Data block:
======
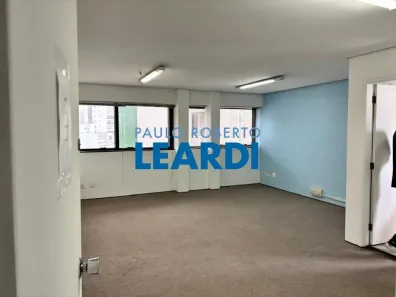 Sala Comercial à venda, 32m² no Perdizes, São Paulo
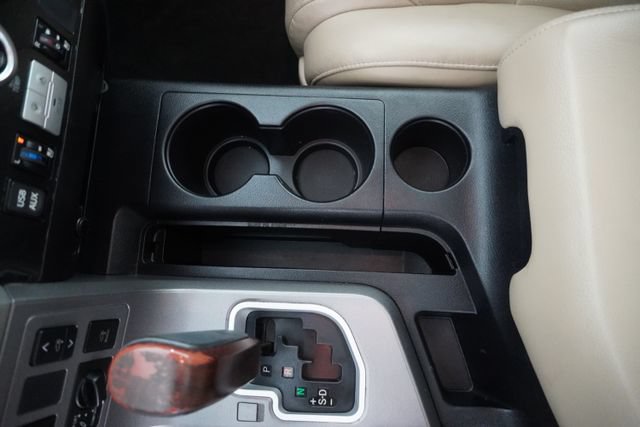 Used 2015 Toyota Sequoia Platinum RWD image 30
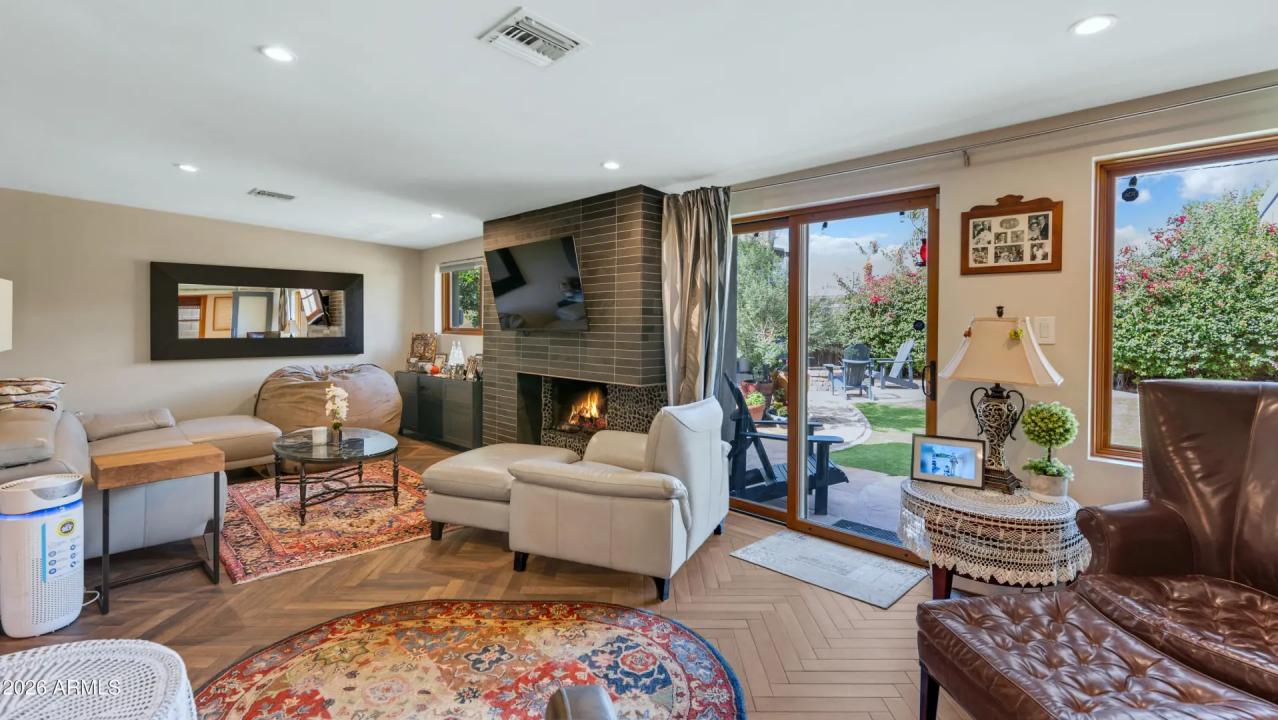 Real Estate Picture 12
======
Exercise instructions: Could you print the listing above exactly, without the pictures?

Solution to the problem:
 Sala Comercial à venda, 32m² no Perdizes, São Paulo
 Used 2015 Toyota Sequoia Platinum RWD image 30
 Real Estate Picture 12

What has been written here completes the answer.